» Required action:
Pictures in the listing below are skipped, while the lines from the "Collar de Letras" line through the "ISTRAŽITE: TROGIR-SPLIT-OMI&Scaron;-NACIONALNI PARKOVI, Villa" line are returned word for word.

» Task input:

________________________________________

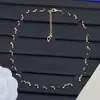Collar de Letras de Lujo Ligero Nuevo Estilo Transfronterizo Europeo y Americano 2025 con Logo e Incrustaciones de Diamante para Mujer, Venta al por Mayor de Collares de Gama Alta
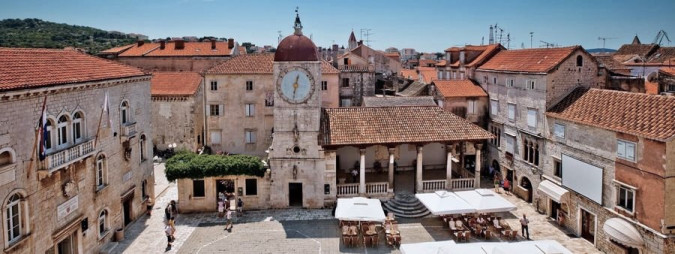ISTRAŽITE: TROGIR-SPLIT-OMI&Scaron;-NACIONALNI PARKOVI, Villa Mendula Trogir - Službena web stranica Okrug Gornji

________________________________________

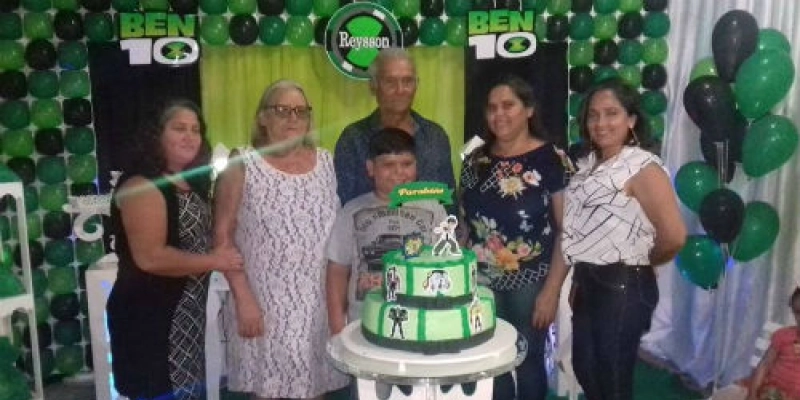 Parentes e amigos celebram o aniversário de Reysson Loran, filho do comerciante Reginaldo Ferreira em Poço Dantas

________________________________________

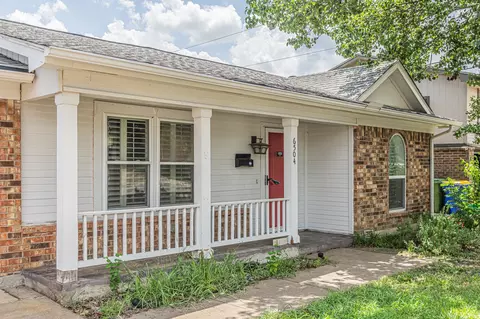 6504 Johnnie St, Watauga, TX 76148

________________________________________

» Solution for this problem:
Collar de Letras de Lujo Ligero Nuevo Estilo Transfronterizo Europeo y Americano 2025 con Logo e Incrustaciones de Diamante para Mujer, Venta al por Mayor de Collares de Gama Alta
ISTRAŽITE: TROGIR-SPLIT-OMI&Scaron;-NACIONALNI PARKOVI, Villa Mendula Trogir - Službena web stranica Okrug Gornji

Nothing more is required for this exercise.